Figure 5.

Effects of HOXA10 knockdown in decidual cells on expression of the MMPs and tissue inhibitors of TIMPs in trophoblast cells. Human endometrial stromal cells were decidualized in vitro, and the cells were transfected with siRNA against HOXA10. Cells transfected with scrambled siRNAs were kept as transfection control. The conditioned medium from these cells was collected after 72 hours. ACH-3P and JEG3 cells were challenged with the conditioned medium for 24 hours. Medium was collected to perform zymography, and cells were harvested to extract the RNA. The mRNA levels of (a) MMP-2, -3, and -9 and (b) TIMP-1, -2, and -3 were measured by real-time PCR. Gene expression data are represented as fold change where the control value was taken as 1. (c) Representative image of the gelatin zymogram. Lanes 1, 2, and 3 are supernatants of JEG3/ACH-3P cells challenged with the medium from scrambled siRNA-transfected decidual cells. Lanes 4 and 5 are loaded with heat-inactivated medium. Lanes 6, 7, and 8 are supernatants of JEG3/ACH-3P cells challenged with supernatant obtained from HOXA10 siRNA-transfected decidual cells (each representing three different experiments). The bands for pro- and active MMP-9 and MMP-2 are marked. The dotted line indicates that the contrast was adjusted separately for MMP-9 and MMP-2 bands for visual representation, and the gels were merged.
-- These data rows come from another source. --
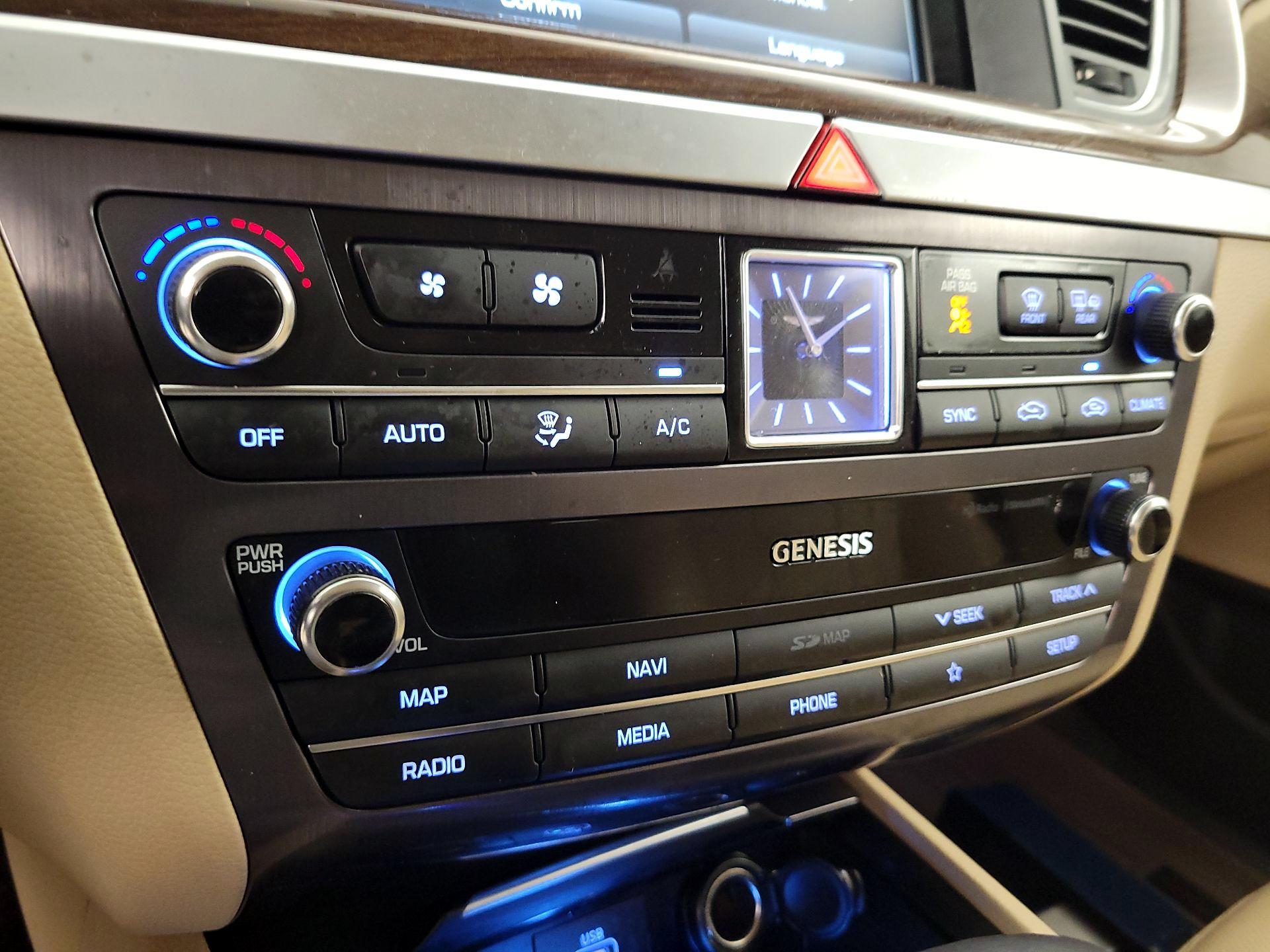 Thumbnail: 2019 Genesis G80 - 15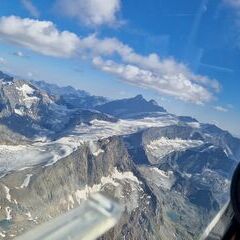 Flugwegposition um 15:03:40: Aufgenommen in der Nähe von Gemeinde Uttendorf, Österreich in 3337 Meter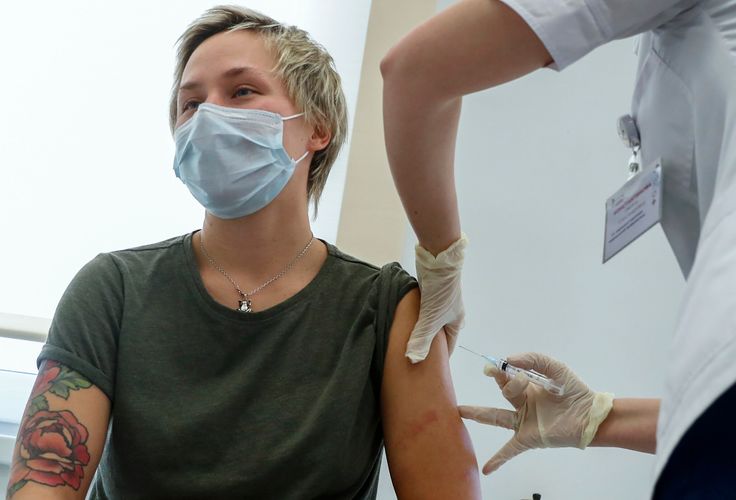 Vaccination against coronavirus begins in all of Russia’s regions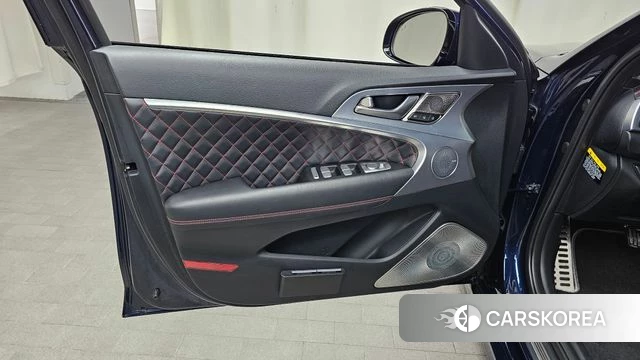 Genesis G70 id 5029159 из Кореи 16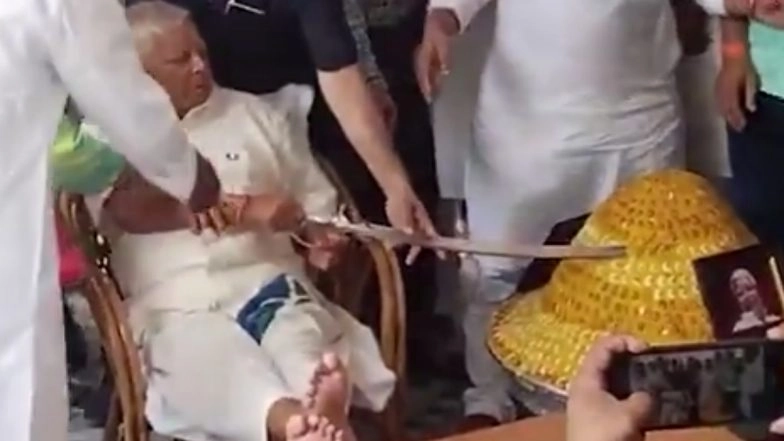 Lalu Prasad Yadav Turns 78: RJD Chief Cuts 78-kg Laddu Cake With Sword at His Residence in Bihar’s Patna, Video Goes Viral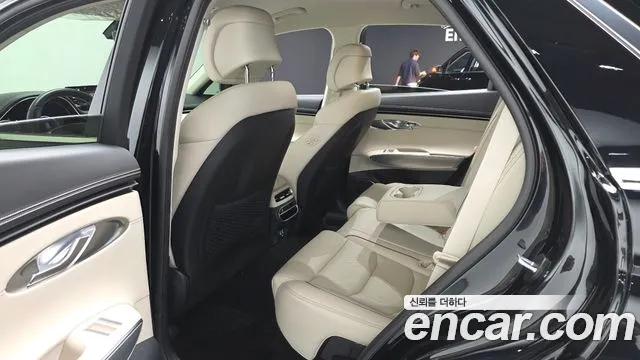 Genesis GV70 — Фото автомобиля 17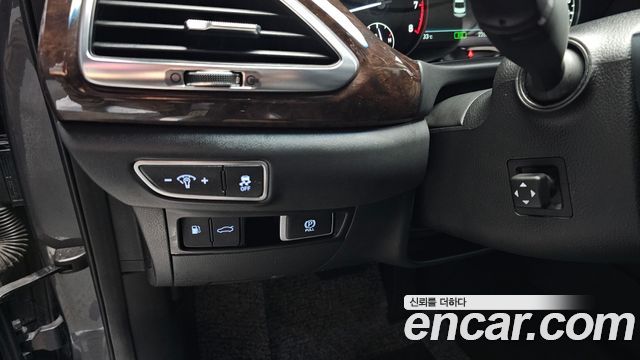 Genesis EQ900 2017 — photo 32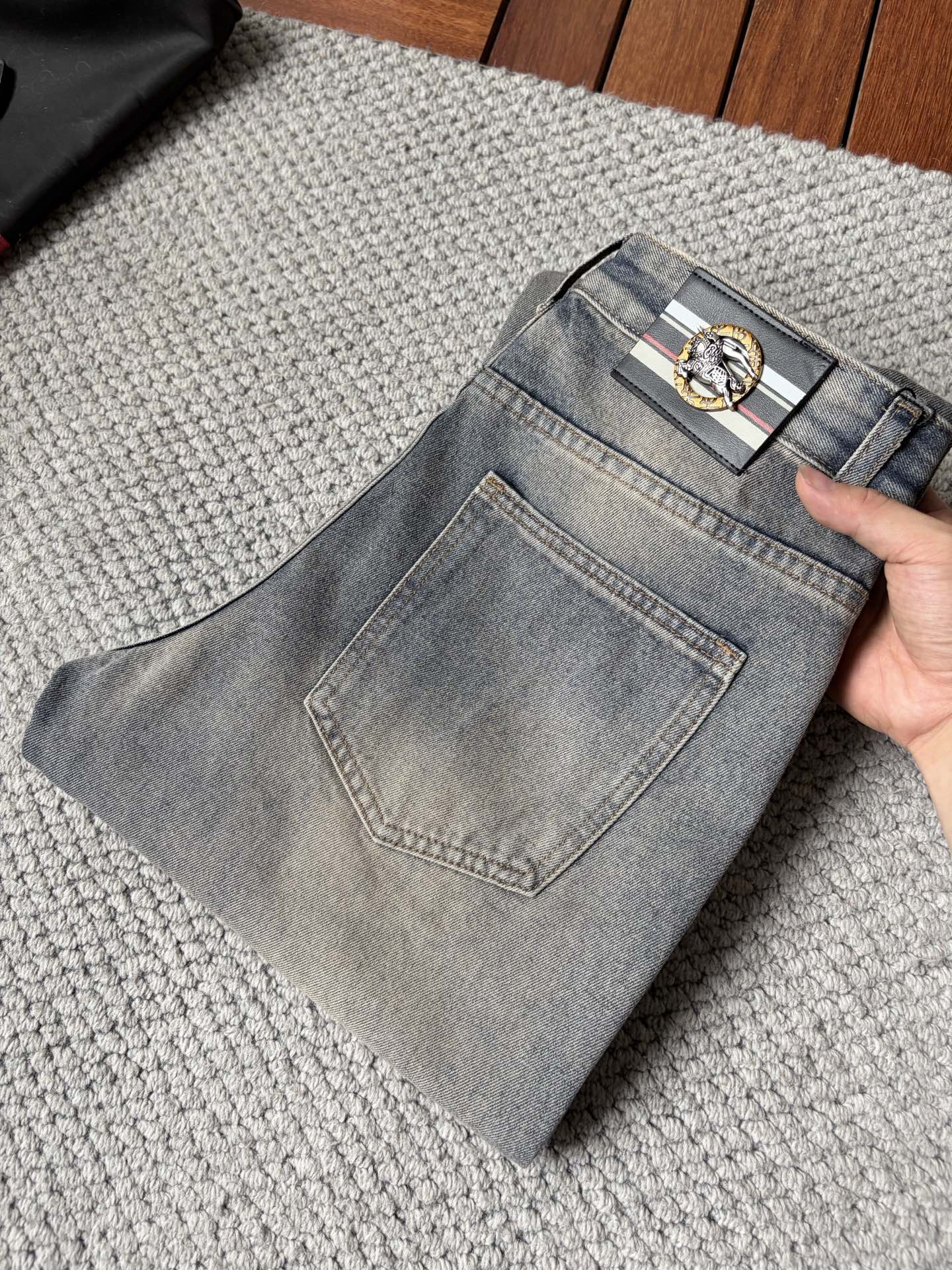 NO:932684,Burberry men's denim large hem jeans, official album and poster style!  High-grade imported denim raw color fabrics are supplied to customers, and the pure 13oz denim fabrics from Okayama, Japan are specially selected. Heavy-duty environmentally friendly plant enzyme washing process is used. The texture has a light retro color, which is quite beautiful and is very suitable for autumn and winter color matching. The fabric is soft and delicate after washing, but has strong bones and a slight stretch, providing an excellent comfortable experience. There is no damage from any technological elements throughout the body, retaining the purest tannin color!  The details throughout the body are perfect, exquisite and sophisticated. The latest leather label on the waist highlights the brand's characteristics. The hardware accessories, leather label and wiring all reflect the craftsmanship!  The silhouette is perfectly tailored and has excellent butt lift and slimming effect. It can be easily matched with any top in the wardrobe. It has wide compatibility and is suitable for various daily wear. The upper body is full of style. It is a must-have trousers for those who are obsessed with quality control and 1V!  Size 29-38 (not 35.37),,burberry,burberry,jeans,19860909Burberry 巴宝莉 男士丹宁大裤脚牛仔裤,官宣画册海报穿搭款！ 客供高级进口的丹宁原色面料,特选日本冈山纯正13oz 盎司牛仔布料,重磅环保植物酵素水洗工艺,肌理有着淡淡的复古色彩,相当漂亮,极符合秋冬的配色,面料经过水洗后柔软细腻,但筋骨感极强,且略带弹力,提供了绝佳的舒适体验,通身无任何工艺元素破坏,保留了最纯粹的丹宁本色！通身细节完美如斯,精湛且考究,最新的腰部皮标彰显了品牌特质,五金配件、皮标、走线无不体现出匠心工艺！版型剪裁完美,提臀修身效果绝佳,可轻松横扫衣橱任何的上装搭配,兼容性广泛,满足于日常各种穿搭,上身型款十足,于品质控及1V迷控者必入型裤装！ 尺码29—38（没35.37）,,burberry,burberry,jeans,,Men's clothing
The Coomassie-stained gel image is shown below each zymogram and is denoted by an asterisk. The intensities of the bands were densitometrically analyzed. (d) Activity of active MMP-9 and total MMP-2 as fold change. The value of the control (medium from scrambled siRNA–transfected decidual cells) has been taken as 1. In all the graphs, each dot represents one value. The statistically significant mean values derived from three independent experiments (n = 3) are denoted by bars along with the respective P values.